FAWN is a new cluster architecture that couples low-power, efficient
embedded CPUs with flash storage to provide efficient, fast, and
cost-effective access to large, random-access data. Such a workload is
typical for some existing datacenter systems like Dynamo (Amazon), Voldmort
(LinkedIn), and memcached (Facebook). The authors use consistent hashing (as
in some structured P2P systems) for lookup (but not routing) and use log
structured logging to cope with Flash's expensive random writes.


Strengths:

The authors identified a well-motivated problem scenario in data-center
computing environment.  The authors have made great observations that power
consumption is a significant part of the total cost of ownership and neither disk nor DRAM are cost-effective. Aimed at
optimizing power consumption without sacrificing performance, the authors
have set off for a very interesting system that uses low-power embedded CPU
together with Flash storage.

The authors constructed the FAWN system nicely. They cleverly adopted
existing techniques that are well-suited for a well-motivated problem
scenario.

The authors have demonstrated the benefits of the approach through
interesting evaluation on both performance and total cost of ownership.

Weaknesses:

An open question (which is acknowledged by the authors) is how would such a
system cope with a variety of work loads, such as that of MapReduce. Would
FAWN still have the the same kind of power efficiency over traditional
cluster constructions?

===========================================================================
                          SOSP 2009 Review #188D
                 Updated Monday 27 Apr 2009 9:42:54am PDT
---------------------------------------------------------------------------
               Paper #188: FAWN: A Fast Array of Wimpy Nodes
---------------------------------------------------------------------------

                         Evaluation: A. Excellent paper. I'd really want to
                                        see this paper in SOSP (I will
                                        Champion it).
                         Confidence: Y. I am knowledgeable in the area,
                                        though not an expert.

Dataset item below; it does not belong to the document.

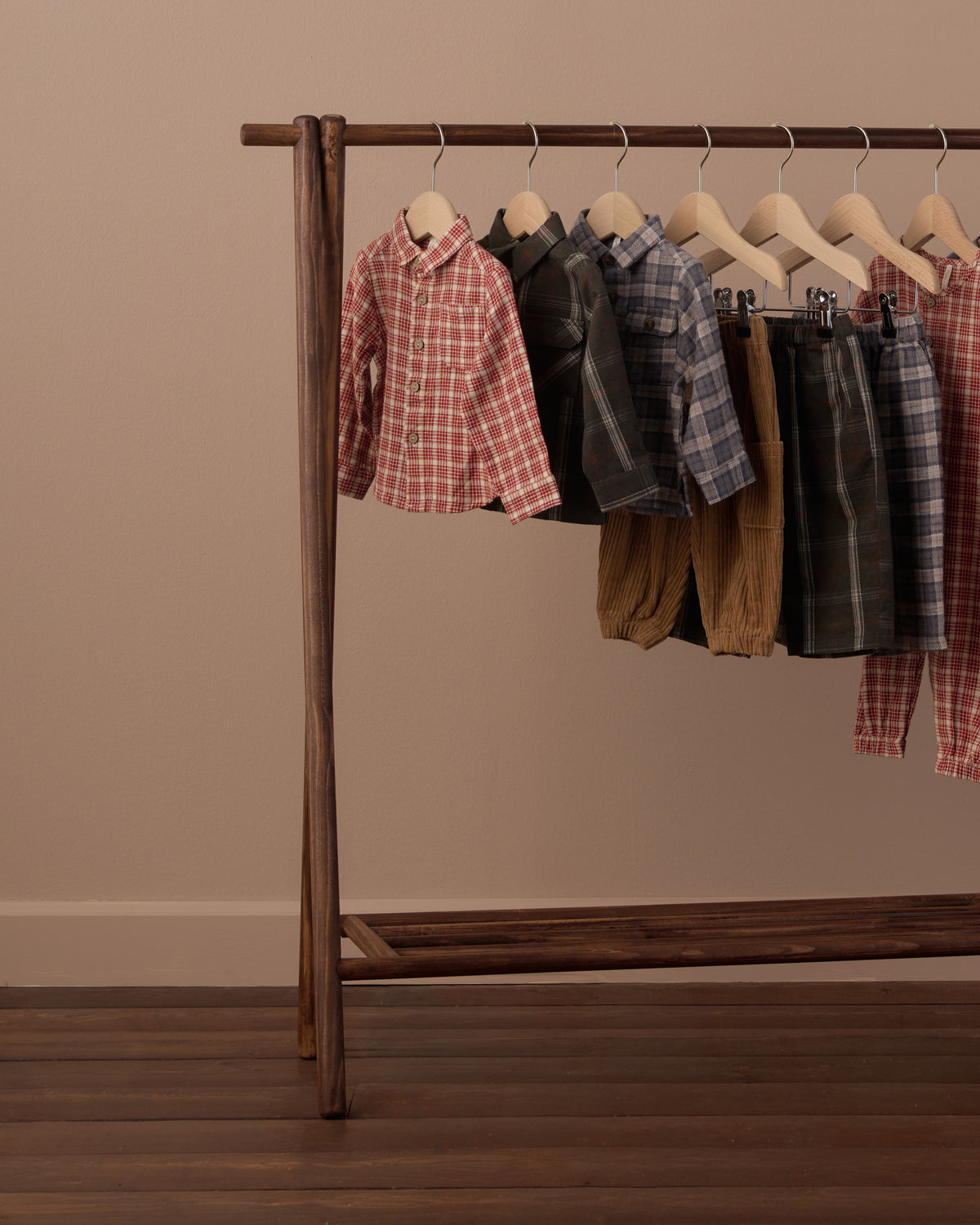 Rylee and Cru Pocketed Flannel Shirt - Winter Plaid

===========================================================================
                          SOSP 2009 Review #188E
                 Updated Thursday 4 Jun 2009 8:32:12am PDT
---------------------------------------------------------------------------
               Paper #188: FAWN: A Fast Array of Wimpy Nodes
---------------------------------------------------------------------------

                         Evaluation: B. Good paper. I don't mind having it
                                        in SOSP.
                         Confidence: Z. I am not an expert. My evaluation
                                        is that of an informed outsider.

           ===== Paper summary & rationale for evaluation =====

+ Complete system
+ First system that builds a key-value system on flash

Others have made the observation that flash is much lower power than
hard drives and have built file systems around flash.

Should compare with other papers that use flash in embedded systems:

ELF (Sensys 2004), also uses log-structured technique to build flash
file system.

Capsule (Sensys 2006), log-structured object store for flash

===========================================================================
                          SOSP 2009 Review #188F
                Updated Tuesday 12 May 2009 11:31:58am PDT
---------------------------------------------------------------------------
               Paper #188: FAWN: A Fast Array of Wimpy Nodes
---------------------------------------------------------------------------

                         Evaluation: B. Good paper. I don't mind having it
                                        in SOSP.
                         Confidence: Y. I am knowledgeable in the area,
                                        though not an expert.

           ===== Paper summary & rationale for evaluation =====

Nothing that struck me as fundamentally new in this paper---but still, a well-thought out system and a well-written paper that provides enough detail to understand the system without being bogged down in details. The intellectual value of the paper for me comes from appreciating how the design brings together elegantly all the different technical pieces, even as each of them is not per se surprising. I had fun reading this paper.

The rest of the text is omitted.